If you want to put analytics to work and build a more analytical organization, you need two cadres of employees:
- Analytics professionals to mine and prepare data, perform statistical operations, build models, and program the surrounding business applications.
- Analytical business people who are ready, able, and eager to use better information and analyses in their work, as well as to work with the professionals on analytics projects.
In Analytics at Work, we call the latter group “ analytical amateurs.” That doesn’t mean amateurish – only that you’re not a professional, that analytics isn’t your main occupation. You can be a scratch golfer or ace tennis player while still an amateur. Amateurs can be very accomplished analytically – in using analytical applications, envisioning additional opportunities for using analytics, and participating as business staff on analytics projects. You’re in luck if your CEO, executive team, and general managers across the business are all accomplished analytical amateurs.
There is widespread recognition of the shortage of analytical professionals. Lesser appreciated is the fact that most organizations are also way short on analytical amateurs. A May 2011 McKinsey Global Institute study on big data analytics predicted a coming shortfall of around 150,000 people with deep analytical skills – and a shortfall of 1.5 million business people with the know-how to put big data analytics to use.
The key to overcoming these shortages is to develop talent in both cadres together. In other words, the most important question may not be, “How can we hire more analysts?” But rather, “How can our analytical professionals best work together with our business people?”
The most effective employee development happens on-the-job, day-to-day, often one-on-one. The way to expand the business acumen of analytics professionals is to have them spend plenty of time working with business colleagues. The way to expand the analytical capability and appetite of analytical amateurs (a.k.a., business managers and professionals) is to have them work directly with analytics professionals on both analytics projects and simply meeting their own information needs.
By spending time “in the field,” professional analysts gain greater familiarity with business operations and pragmatic appreciation for how analytics are used in management decisions and employee workflows. What do the business people learn?
- To be more aware of the data they use and their own decision processes. They get better at evaluating and improving their data and adjusting their decision processes depending on the quality and sufficiency of data at hand.
- To serve themselves with data and analyses. They become more adept at finding data and using business intelligence and visual analytics tools, more rigorous in using established tools like spreadsheets, and thus better able to meet many of their analytical needs independently and immediately.
- To understand the logic and methods behind the analytical models, applications, and outputs they use. Will they pick up some statistical methods? Perhaps, but the real goal is to learn enough to understand and trust their analytics – and develop a sense of the limitations of analytics.

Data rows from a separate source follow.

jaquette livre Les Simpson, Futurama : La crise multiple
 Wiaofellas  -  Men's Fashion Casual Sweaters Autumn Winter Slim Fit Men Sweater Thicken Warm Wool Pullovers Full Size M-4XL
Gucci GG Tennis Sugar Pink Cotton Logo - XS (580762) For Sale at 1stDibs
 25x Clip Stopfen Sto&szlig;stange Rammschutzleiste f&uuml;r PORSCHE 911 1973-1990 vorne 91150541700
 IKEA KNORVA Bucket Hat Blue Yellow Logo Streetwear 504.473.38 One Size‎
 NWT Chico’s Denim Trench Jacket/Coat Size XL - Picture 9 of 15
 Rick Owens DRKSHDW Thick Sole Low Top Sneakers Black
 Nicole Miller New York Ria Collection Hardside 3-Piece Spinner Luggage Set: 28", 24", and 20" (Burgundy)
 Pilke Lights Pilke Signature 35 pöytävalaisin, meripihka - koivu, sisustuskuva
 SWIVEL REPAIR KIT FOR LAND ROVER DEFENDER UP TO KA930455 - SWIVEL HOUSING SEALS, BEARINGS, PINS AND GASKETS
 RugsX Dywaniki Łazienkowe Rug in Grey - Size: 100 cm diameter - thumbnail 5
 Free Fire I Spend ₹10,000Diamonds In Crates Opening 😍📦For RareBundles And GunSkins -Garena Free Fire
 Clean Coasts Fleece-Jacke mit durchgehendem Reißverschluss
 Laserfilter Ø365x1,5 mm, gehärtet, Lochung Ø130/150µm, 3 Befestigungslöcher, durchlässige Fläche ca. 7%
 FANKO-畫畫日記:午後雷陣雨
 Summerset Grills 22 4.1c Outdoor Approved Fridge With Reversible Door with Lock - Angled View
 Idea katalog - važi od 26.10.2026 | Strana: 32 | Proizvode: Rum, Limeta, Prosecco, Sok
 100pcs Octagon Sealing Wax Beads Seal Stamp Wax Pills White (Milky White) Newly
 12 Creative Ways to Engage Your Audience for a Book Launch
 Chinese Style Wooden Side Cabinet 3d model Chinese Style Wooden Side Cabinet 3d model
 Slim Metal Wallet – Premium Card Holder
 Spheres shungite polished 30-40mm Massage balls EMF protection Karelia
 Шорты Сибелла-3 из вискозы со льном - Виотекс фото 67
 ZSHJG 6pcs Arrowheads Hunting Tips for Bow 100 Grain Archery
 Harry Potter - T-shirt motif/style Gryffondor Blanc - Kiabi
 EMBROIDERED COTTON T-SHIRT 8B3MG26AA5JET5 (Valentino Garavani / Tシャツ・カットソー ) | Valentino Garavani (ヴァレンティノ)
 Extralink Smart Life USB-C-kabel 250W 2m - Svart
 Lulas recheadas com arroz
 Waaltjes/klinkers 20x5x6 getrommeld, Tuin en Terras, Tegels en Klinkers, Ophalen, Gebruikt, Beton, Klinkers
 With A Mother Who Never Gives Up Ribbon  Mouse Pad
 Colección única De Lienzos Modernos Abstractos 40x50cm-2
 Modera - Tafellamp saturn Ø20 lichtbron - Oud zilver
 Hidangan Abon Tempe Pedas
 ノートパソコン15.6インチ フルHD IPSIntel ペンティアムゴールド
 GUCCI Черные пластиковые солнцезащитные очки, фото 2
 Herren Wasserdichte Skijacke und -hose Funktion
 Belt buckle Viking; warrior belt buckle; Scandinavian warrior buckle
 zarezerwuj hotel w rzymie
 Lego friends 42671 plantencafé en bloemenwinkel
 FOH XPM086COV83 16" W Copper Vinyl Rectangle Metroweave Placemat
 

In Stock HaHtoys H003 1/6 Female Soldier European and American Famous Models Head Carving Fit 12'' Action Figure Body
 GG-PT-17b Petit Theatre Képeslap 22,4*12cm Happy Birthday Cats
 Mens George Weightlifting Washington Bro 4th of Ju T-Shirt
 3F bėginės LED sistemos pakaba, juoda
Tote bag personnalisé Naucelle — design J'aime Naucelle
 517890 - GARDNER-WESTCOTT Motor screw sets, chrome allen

Analytical amateurs accomplished in these ways not only make better use of analytics in their decisions and work, but also make greater contributions when serving as subject matter experts or otherwise participating in analytics development initiatives.
In analytical organizations such as Procter & Gamble, professional analysts spend a lot of time in the field, including “embedded” in business units. And there’s an active rotation program getting business people into analytical roles (many of which don’t require PhDs in statistics or deep data scientist skills). Analyst talent may be in short supply, but the solution is to kill two birds with one stone and develop the two cadres together.